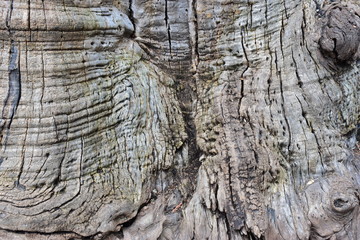 Close up of tree bark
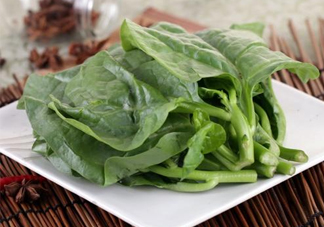 木耳菜和什么食物相克？木耳菜不能和什么一起吃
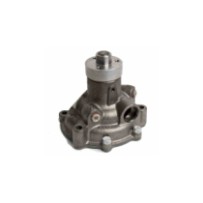 99454833_cnh.jpg POMPA ACQUA COD. 99454833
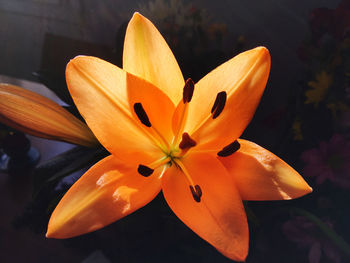 Close-up of orange lily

Work to be completed: Find the line containing "99454833_cnh.jpg POMPA ACQUA COD. 99454833" in the listing above. Please restate word for word that line through the last one, leaving out the pictures.

Answer box:
 99454833_cnh.jpg POMPA ACQUA COD. 99454833
 Close-up of orange lily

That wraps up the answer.